November 01, 2011
A couple whose son died in Fiji have got a government minister’s backing in their fight for stricter legislation for adventure holiday companies.
Gill and Steve Molnar are campaigning for greater regulation of companies that organise adventure holidays abroad following their son’s death in 2006.
Luke Molnar, 17, from Stretford, was killed after touching a metal washing line that had come into contact with a live cable while on holiday with British conservation firm Coral Cay Conservation.
This year, electrician Kitione Rokosuka was found guilty of manslaughter in relation to Luke’s death and jailed for 18 months in Fiji.

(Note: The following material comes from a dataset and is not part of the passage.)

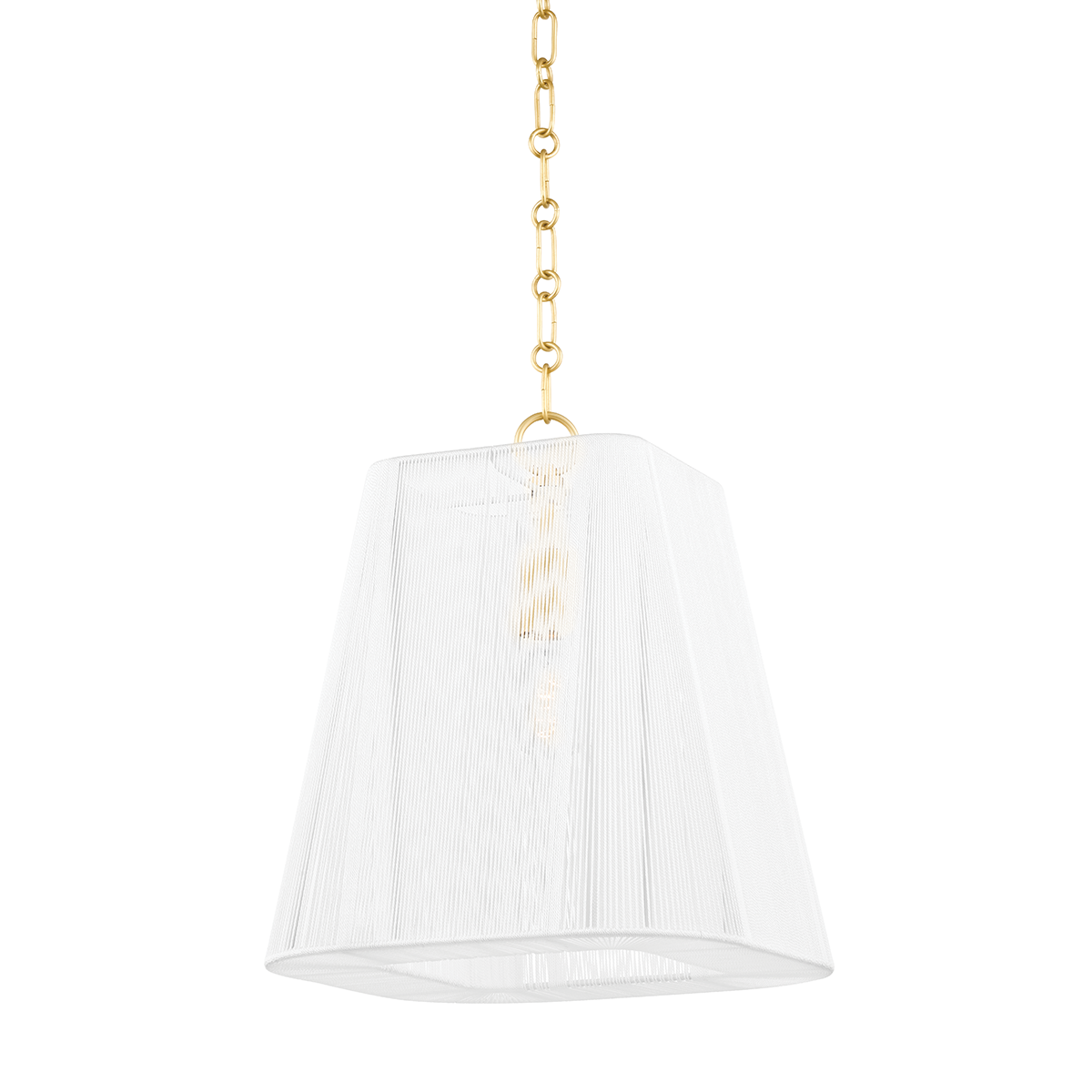 Verona Beach 1 Light Small Pendant-Hudson Valley-HVL-7614-AGB-PendantsAged Brass-1-France and Son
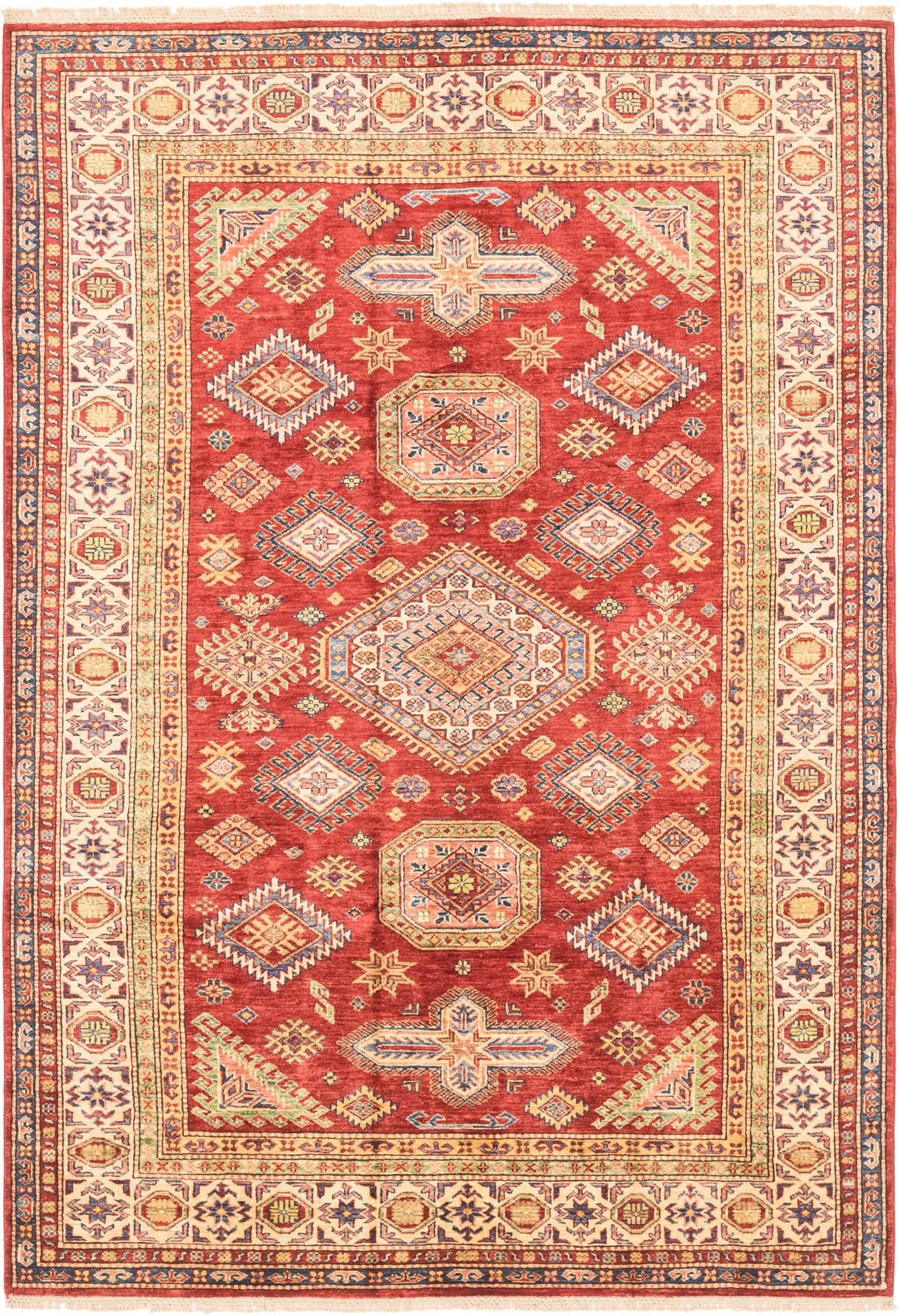 5' 7 x 8' Hand Knotted Kazak Oriental Rug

In 2007 new guidelines were introduced by the British Standards Institute (BSI) which provide a national standard for companies organising potentially risky overseas adventures.
The couple said that this was a sound document but that companies are still operating on a self regulatory basis without an independent body to certify whether companies are abiding by the document.
They travelled to Westminster with Kate Green, MP for Stetford and Urmston, to meet Consumer Affairs minister Ed Davey. The Molnars hope their meeting with Mr Davey will result in this set of guidelines becoming law.
Mrs Molnar said: “We felt encouraged that he gave us more time than we had expected. He listened carefully and it sounded as though he had taken on board some of what we had to say and will take a step in the right direction.”
Mr Davey told Mr and Mrs Molnar that he would look into the legislation carefully and respond to them within three weeks.
He said: “I was deeply saddened by the tragedy surrounding the death of Mr and Mrs Molnar’s son Luke in Fiji. It was a constructive meeting and an opportunity to hear their concerns.
“I have offered to raise these with the British Standards Institute and other key parties to see how collectively we could raise the profile of the standard further and make it as effective as possible.”